Moreover, while the administrative state is busy rhetorically bullying the vaccinated into masking up (and thereby encouraging the unvaccinated to stay unvaccinated — the hijinks our Jim Geraghty continues to catalogue in today’s Morning Jolt), Leviathan is too incompetent to do what it is actually there to do: execute a government program for distributing congressionally appropriated aid to its targeted recipients. Reporting over the weekend indicates that only about 7 percent of the rent relief — $3 billion out of $47 billion — has been disbursed.

The Court’s job is to say what the law is. That’s it. If the justices had done that back in June, we could have avoided five weeks of inevitable drama and dithering.

The Biden administration and congressional Democrats have known for months that the moratorium was illegal, yet they pressed ahead, figuring they could demagogue as heartless anyone who dared call for its elimination. There was no reason to believe they were going to use the time Kavanaugh naïvely gave them to address the problem, since they have always been heedless of the damage the moratorium was doing to average people — after all, struggling landlords are evil, property-hoarding capitalists, don’tcha know, who could not conceivably be seen as average people, right?

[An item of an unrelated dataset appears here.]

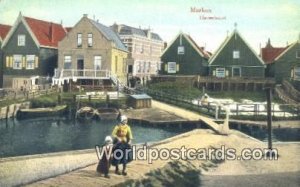 Havenbuurt Marken Netherlands Unused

The only arguable good that could come out of this mess is the disbursal of the aid funds. That hasn’t been happening, partially because of the usual government mismanagement, but largely because the moratorium put delinquent renters in no great hurry to apply for the funds to pay rent arears. That would enable the owners to pay their mounting mortgage and other obligations, while nudging the renters to shake off the pandemic-emergency doldrums and reset to normal life, in which gainfully employed people timely pay their rent.

Such a reset could be set in motion only by ending the moratorium, thus riveting the attention of the bureaucrats and altering the incentives of the renters.

As Bill Belichick famously tells his players: Just do your job. A lineman doesn’t have to do the other players’ jobs — he just needs to block and let quarterback worry about hitting the open receiver. Is that a more hopeful proposition when the quarterback is Tom Brady? Sure, and it’s fair enough to observe that Nancy Pelosi is no Tom Brady. Still, it’s simply not the Supreme Court’s job to superintend the administrative state. Just say what the law is and leave it to Congress and the administration to sort out the hash they’ve made.